SHA256 Recovery from Username Hashes

TL;DR

No, a secret S cannot be efficiently recovered if you only have a list of usernames and the SHA256 hashes of S + username. This is because SHA256 is a one-way function – it’s easy to calculate the hash from the input, but extremely difficult (practically impossible) to reverse engineer the input from the hash alone.

Why It Doesn’t Work

SHA256 creates a fixed-size ‘fingerprint’ of data. Different inputs will produce different hashes, and even a tiny change in the input drastically alters the hash. This makes it very hard to guess the original secret.

The Problem Explained

You have:

  • A secret S (what you’re trying to find).
  • A list of usernames: username1, username2, username3...
  • For each username, the hash: SHA256(S + username1), SHA256(S + username2), SHA256(S + username3)...

The goal is to find S. Because you don’t know S, you can’t verify if a guessed value of S is correct without knowing the original hashes.

What You *Can’t* Do

  1. Brute-Force: Trying every possible secret S. This becomes impossible very quickly as the length of S increases. Even with a fast computer, it would take an unfeasibly long time to test all combinations.
  2. Reverse SHA256: There is no known efficient algorithm to reverse SHA256. Tools claiming to do this are usually using pre-computed tables (rainbow tables) or trying common passwords/phrases – they won’t work for arbitrary secrets.

What You *Could* Do (If Possible, but unlikely)

These scenarios require additional information beyond what you’ve described.
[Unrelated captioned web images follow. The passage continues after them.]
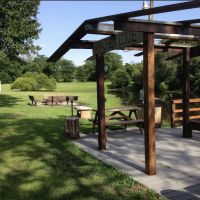 Whispering. Pines. Park ico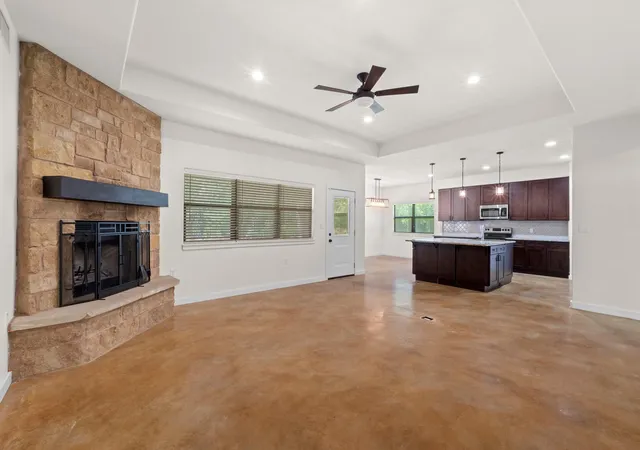 3rd image of 122 N Pohakea Dr, Bastrop, TX 78602 | MLS# 7916609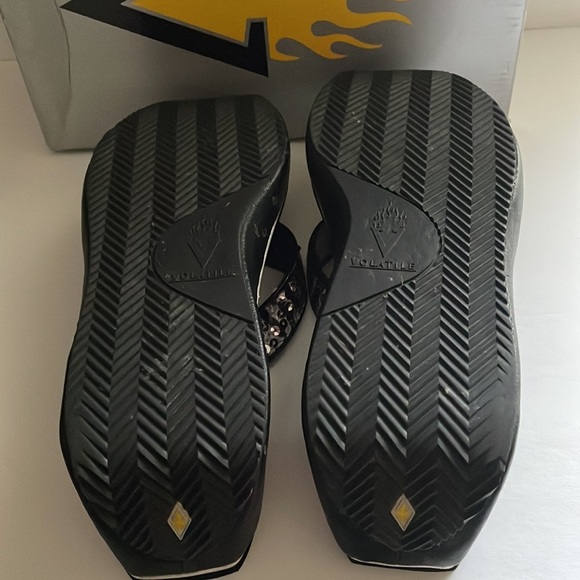 VOLATILE woman’s flip flop wedge, size 10, black with silver sequence, used. - Picture 8 of 15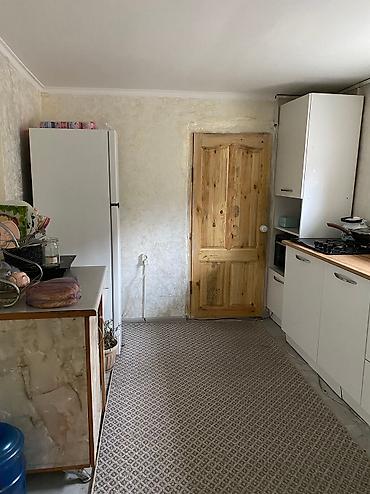 Продажа коттеджей и домов: 6 комнат и более, 110 м², Бишкек, Энесай ж/м Собственник — 14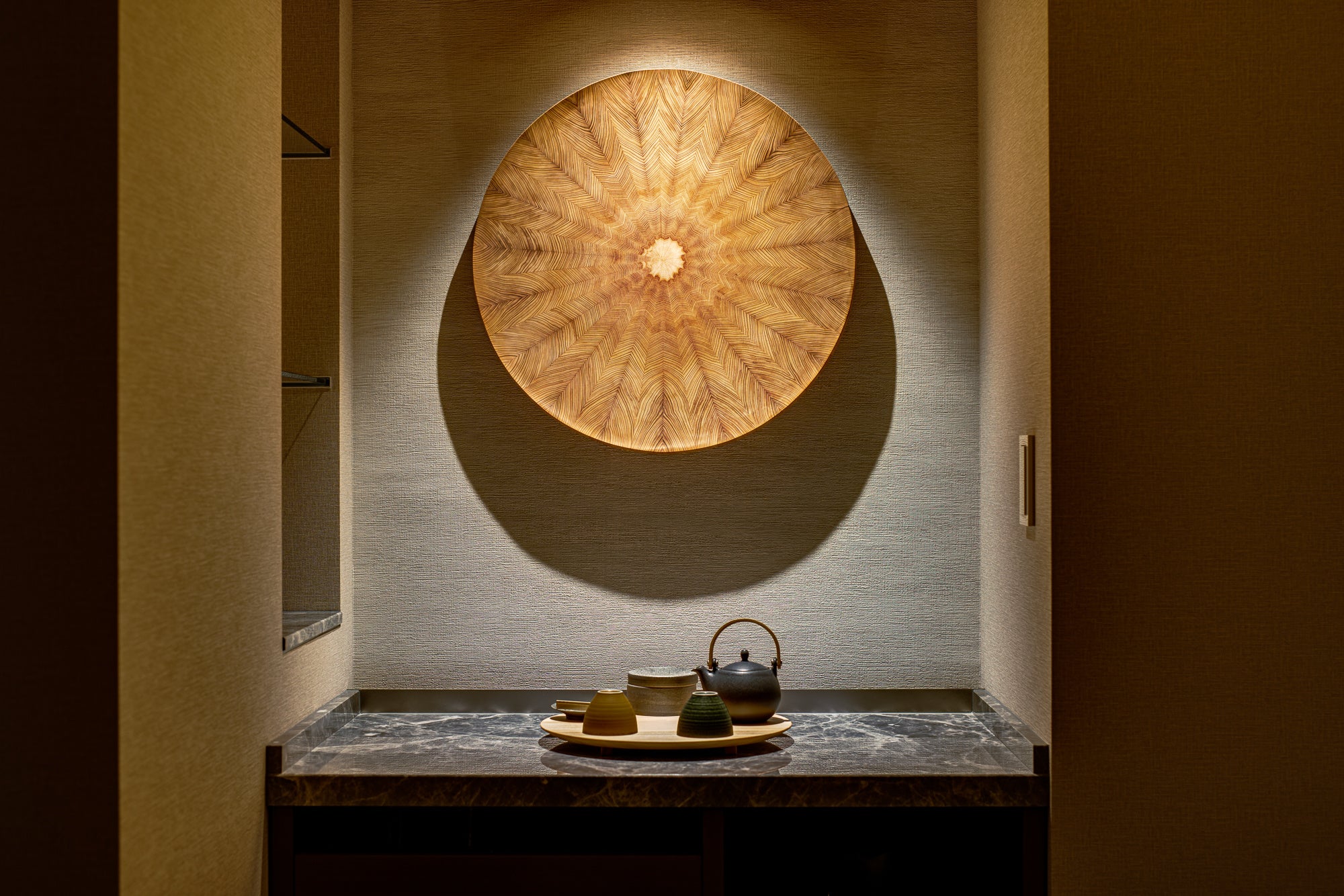 柾合わせの技法を用いた 「中川木工芸」の中川 周士氏による作品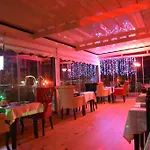 Assortie La Otel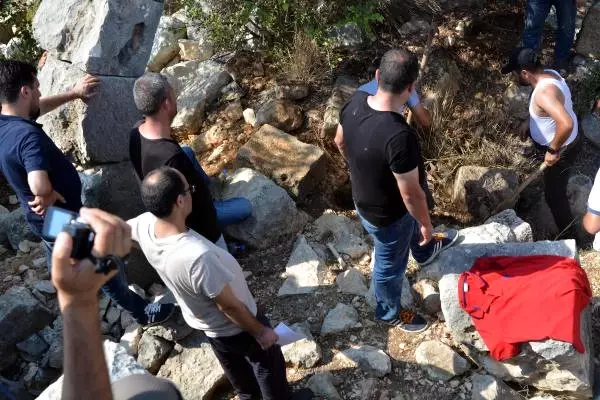 Ağabeyleri Cinayetten Yargılanınca Ortaya Çıkan Kadının Kimliği Kesinleşti Ağabeyleri Cinayetten Yargılanınca Ortaya Çıkan Kadının Kimliği Kesinleşti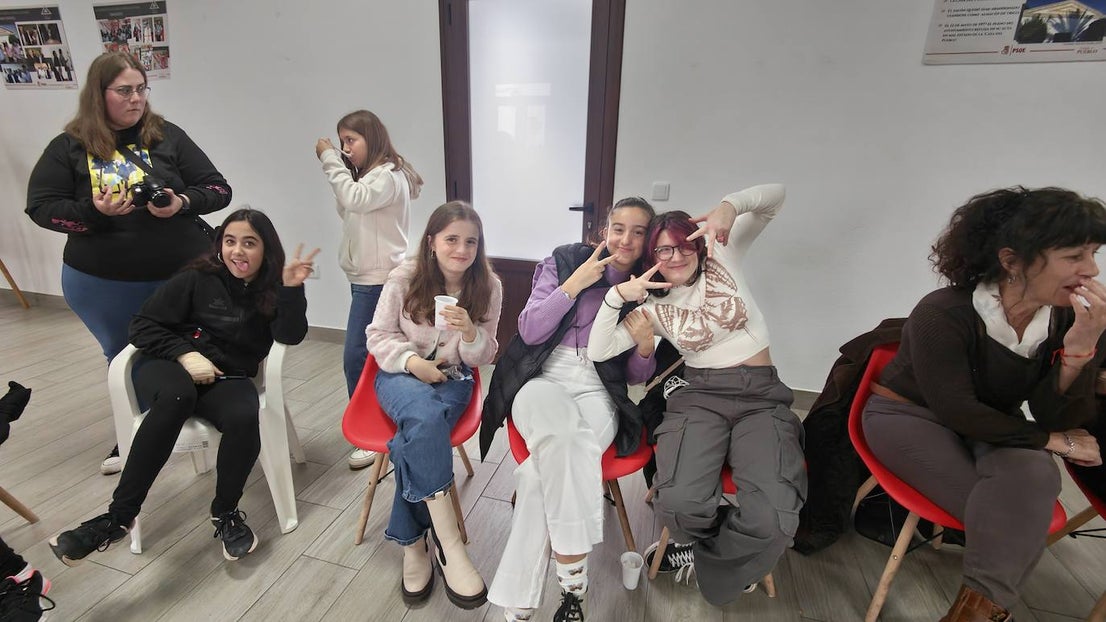 Tarde de Convivencia por el Día Internacional de la Mujer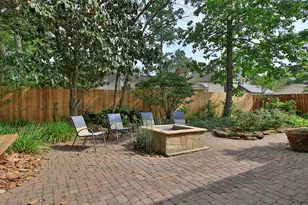 19 E Sunny Slope Cir, The Woodlands, TX 77381 - Photo 40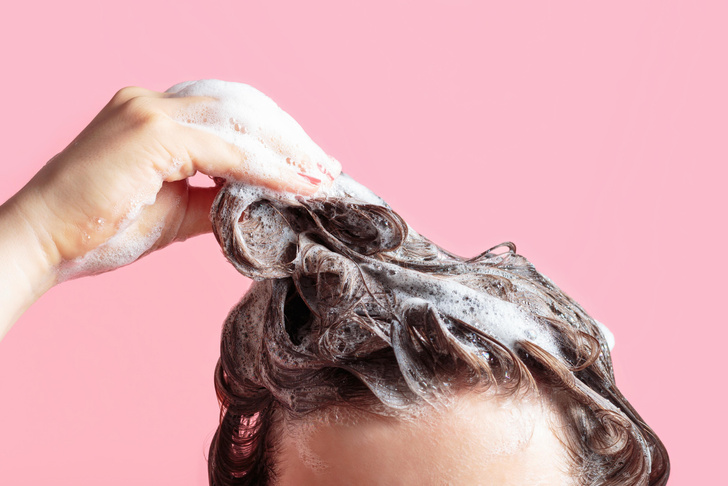 Секреты чистых волос: как часто нужно мыть голову на самом деле — вы так делаете?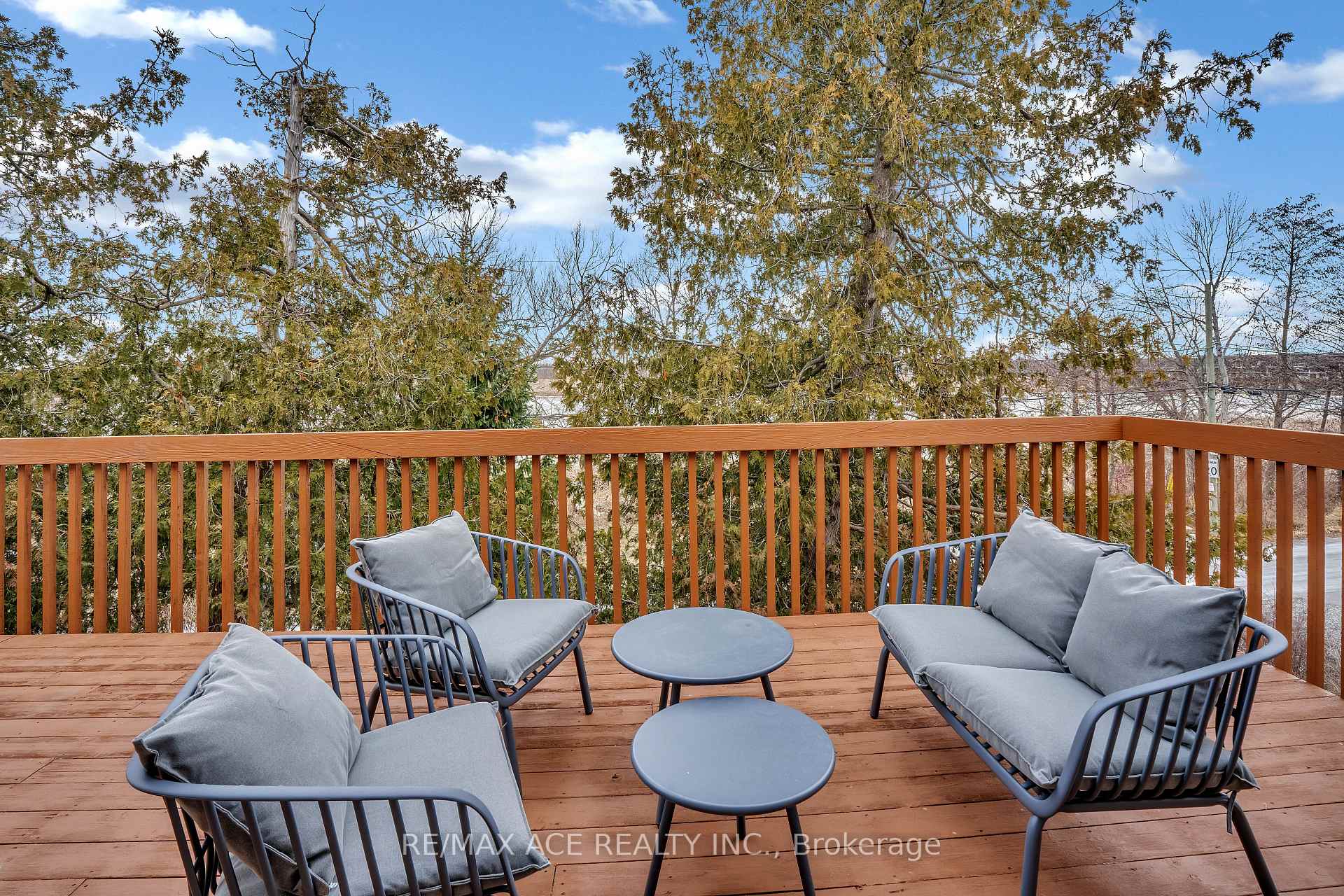 Photo 31 of 52 West Beach Road, Clarington, Bowmanville — HOMEH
  1. Known Username and Hash: If you know one username username1 and its corresponding hash SHA256(S + username1), you can try to find S by testing possible values. However, this is still computationally expensive if S is long.
    # Example in Python (very slow for anything but short S)
    import hashlib
    
    def find_s(username, hash_value):
      for i in range(1000): # Try secrets from 0 to 999
        secret = str(i)
        calculated_hash = hashlib.sha256((secret + username).encode()).hexdigest()
        if calculated_hash == hash_value:
          return secret
      return None
    
    username = "testuser"
    hash_value = "your_known_hash_here"
    s = find_s(username, hash_value)
    if s:
      print("Secret found: ", s)
    else:
      print("Secret not found within the tested range.")
    
  2. Salted Hashes with Weak Salts: If the usernames are used as salts, and there’s a limited number of possible usernames (e.g., short, common names), you could attempt to pre-compute hashes for all possible S + username combinations. This is still resource intensive but more feasible than brute-forcing S directly.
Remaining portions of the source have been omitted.